But I did get picked. And I did get kept for decades. And it was not sexless for the vast majority of that time. I'm not interested in what the average woman picks. I'm only interested in turning on a peri-menopausal, 50ish woman with low acting thyroid. And since I started taking SSRI's I'm not even interested in that.

I also know what get's me wet. But I'm holding off until summer.


----------



## personofinterest

Mr. Nail said:


> But I did get picked. And I did get kept for decades. And it was not sexless for the vast majority of that time. I'm not interested in what the average woman picks.

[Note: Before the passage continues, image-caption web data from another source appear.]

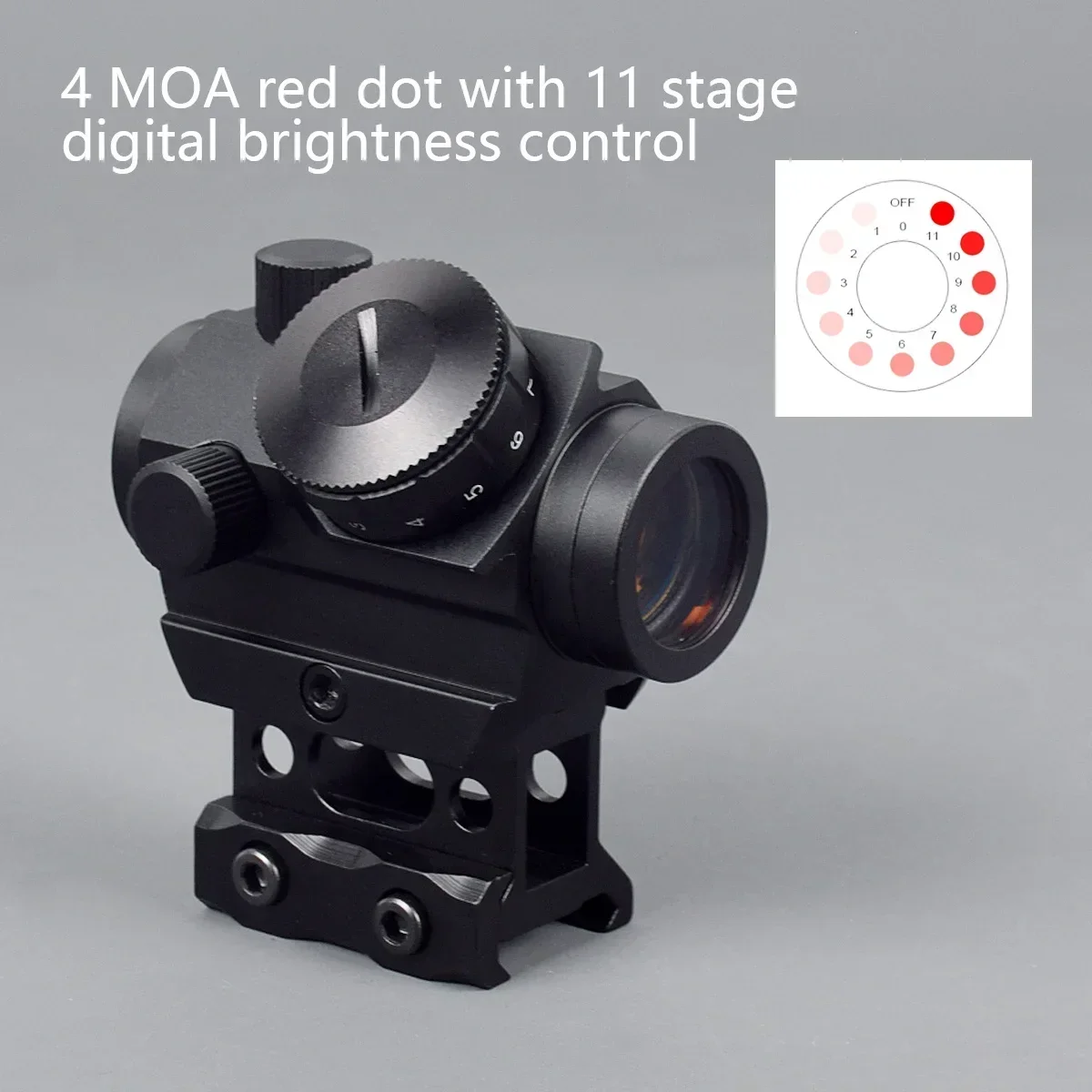 Tactical 1x20mm RDS-25 Red Dot Sight Collimator Airsoft Gun Rifle Scope Sight with 1 Inch Riser 20mm Rail Mount Hunting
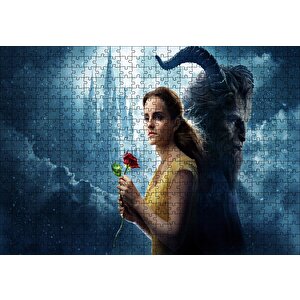 Beauty And The Beast Emma Watson Kırmızı Gül Puzzle Yapboz Mdf Ahşap 500 Parça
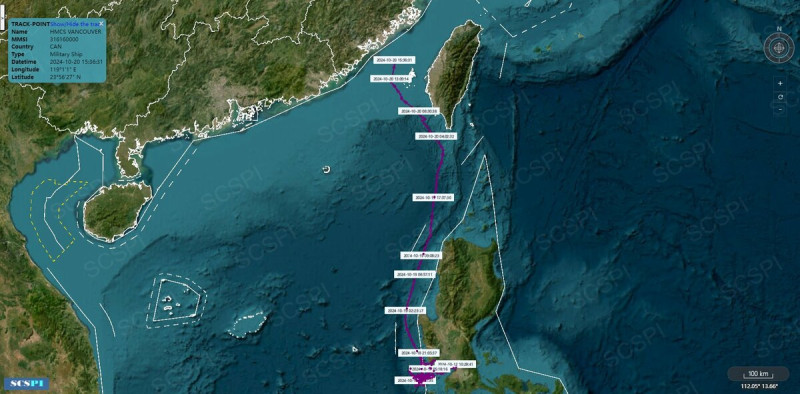 昨（20）日美軍第七艦隊與加拿大皇家海軍聯合執行例行任務，軍艦由南向北穿越台灣海峽。   圖：SCS Probing Initiative X
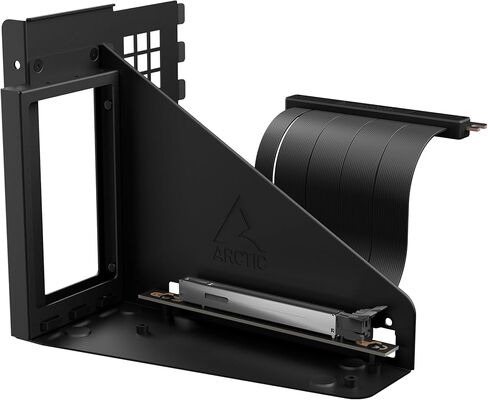 ARCTIC Accelero Vertical GPU Mount (أسود) - حامل GPU عمودي مع كابل Riser PCIe 5.0 x16 (160 مم)، يدعم بطاقات الرسومات من أي طول يصل إلى 3 فتحات، يتطلب 7 فتحات PCI - أسود in Saudi Arabia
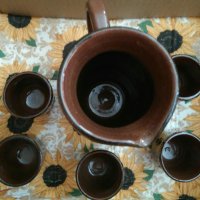 Троянска битова керамика - комплект кана 1 л., 6 бр.чаши 150 мл., 5 бр. чаши 100 мл., снимка 10 - Сервизи - 42610852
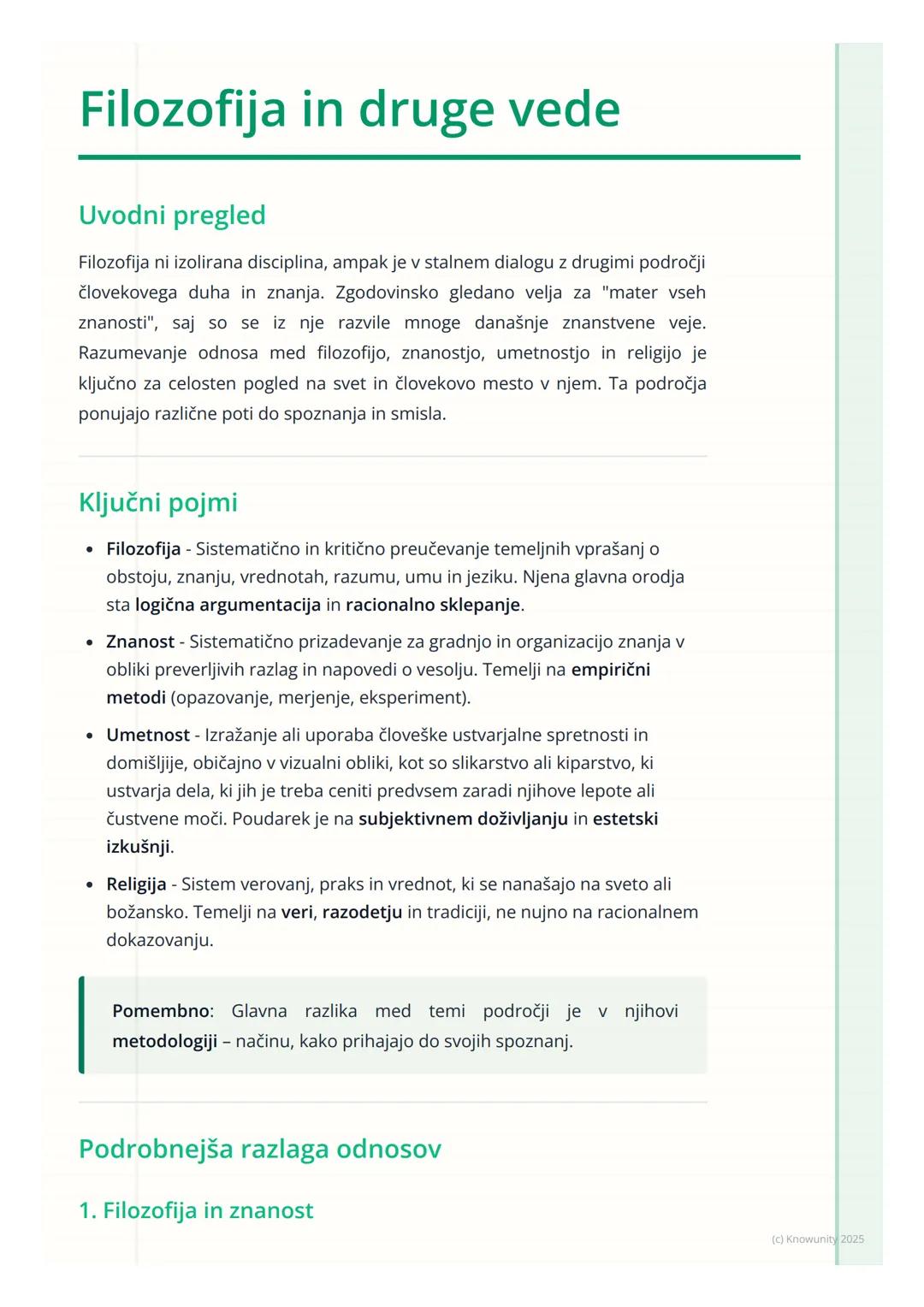 # Filozofija in druge vede

Uvodni pregled

Filozofija ni izolirana disciplina, ampak je v stalnem dialogu z drugimi področji
človekovega du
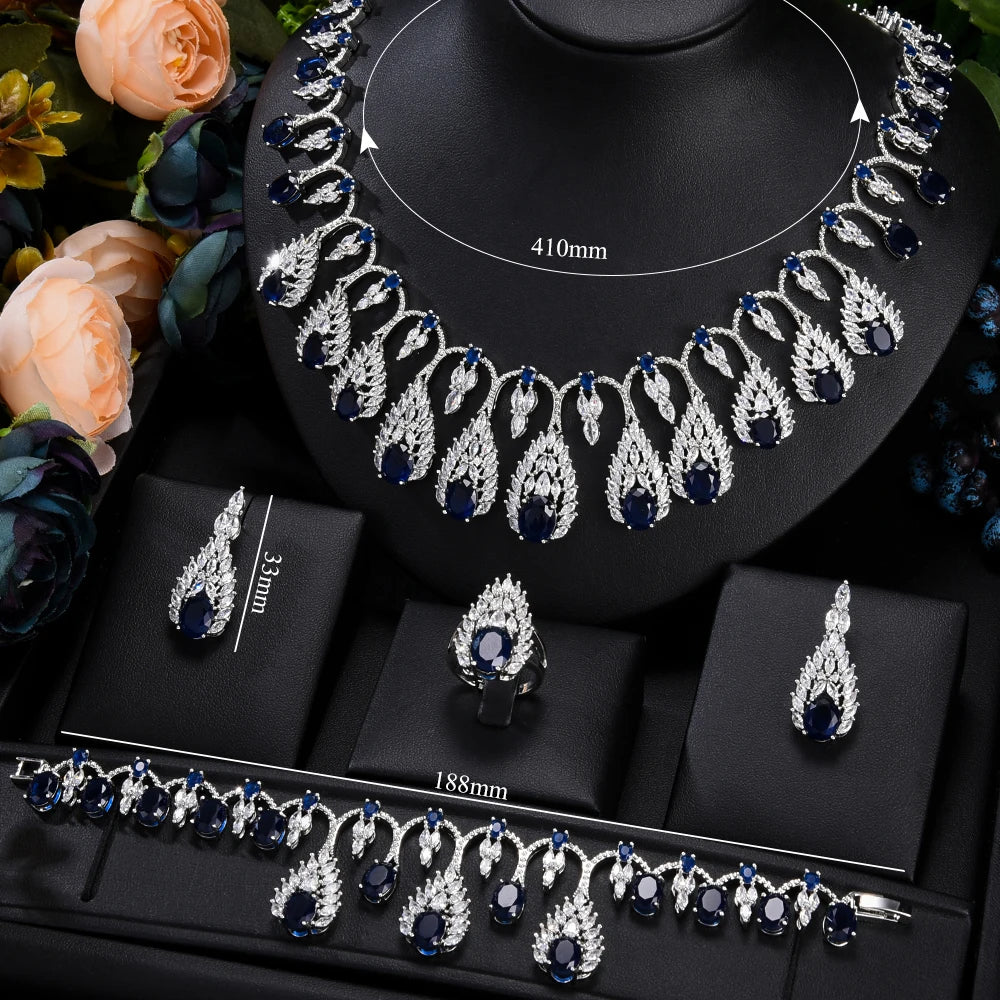 4PCS Luxury African Jewelry Dubai Bridal Jewelry Set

I'm only interested in turning on a peri-menopausal, 50ish woman with low acting thyroid. And since I started taking SSRI's I'm not even interested in that.
> 
> I also know what get's me wet. But I'm holding off until summer.


This is actually a good point. What really matters to people is what is important for the kind of woman/man* they *want.

For example, a large subset of the guys who are emphatic about what THEY are certain women want are....socially awkward men who WANT a hot young model type. And when they cannot get one, they parrot the MGTOW/Reddit/Corey Wayne mantra that all women want a tall good looking man with money. 

Well ,yeah, a vapid 22 year old size zero with a D cup may well want that.

That isn't all of us.


----------



## Ikaika

john117 said:


> I have most of those (ok, not the muscular look) and a lot of good that has done.




Handsome face - no for me
Intelligent - no, as well
Sense of humor - This could be subjective, Gillian’s Island (that is my reference for sense of humor). 

Ok, I’m a loser. 


Sent from my iPad using Tapatalk Pro


----------



## Ikaika

Two thing not on the list and wondered if it is important:

A man who can fix most large and small appliances.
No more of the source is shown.